Apple supplier Corning rides on price hikes to beat profit estimates

(Reuters) – Specialty glass maker Corning Inc beat profit estimates for the first quarter on Tuesday as price hikes more than made up for higher raw material costs and a demand slowdown.

Shares of the company, whose Gorilla glass is used in smartphones of companies including Apple Inc and Samsung Electronics, rose 2% in premarket trading.

Price increases meant that “profitability improved despite sequentially lower sales, which were impacted by recession-level demand in several key markets and overall weakness in China, as anticipated,” CEO and Chairman Wendell Weeks said.

Core gross margin increased by 160 basis points sequentially to 35.2% in the first three months of the year, helping Corning post an adjusted profit of 41 cents per share that was more than expectations of 39 cents, according to Refinitiv data.

The company said it expects the pricing action and a recovery in the display technologies business to drive an increase in second-quarter sales and profitability.

Corning has seen demand slide from its consumer electronics customers in recent months as an uncertain economic outlook prompts consumers to cut back on non-essential spending.

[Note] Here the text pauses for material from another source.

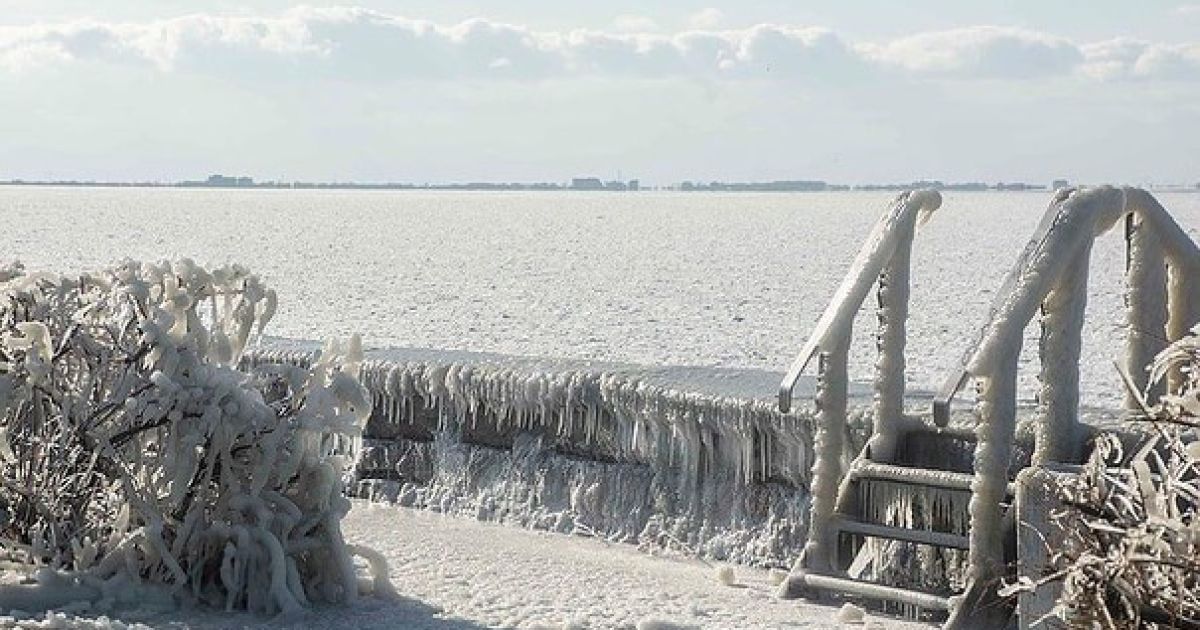 Невероятная хрустальная сказка: в Бердянске показали, как выглядит побережье моря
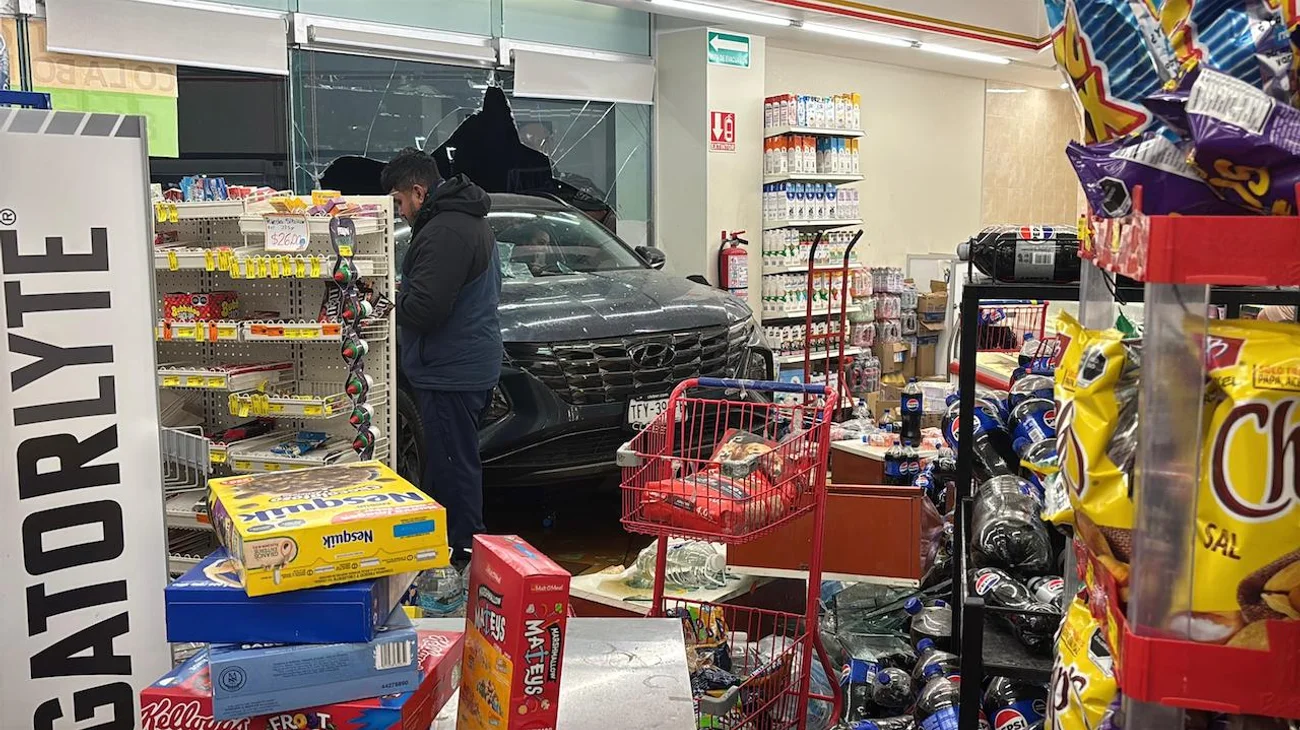 Confunde pedales y choca camioneta contra farmacia en San Nicolás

IT research firm Gartner estimates that shipments of personal computers and mobile phones will fall for the second straight year in 2023, with phone shipments slumping to a decade low.

Corning’s core sales fell 10% to $3.37 billion in the first quarter, but they were better than estimates of $3.34 billion.

Revenue from its optical communications division fell 6% during the quarter, while sales in specialty materials business, which makes Gorilla glass, declined 18%.

Corning said it expects net sales between $3.4 billion and $3.6 billion for the second quarter, compared with analysts’ estimate of $3.58 billion.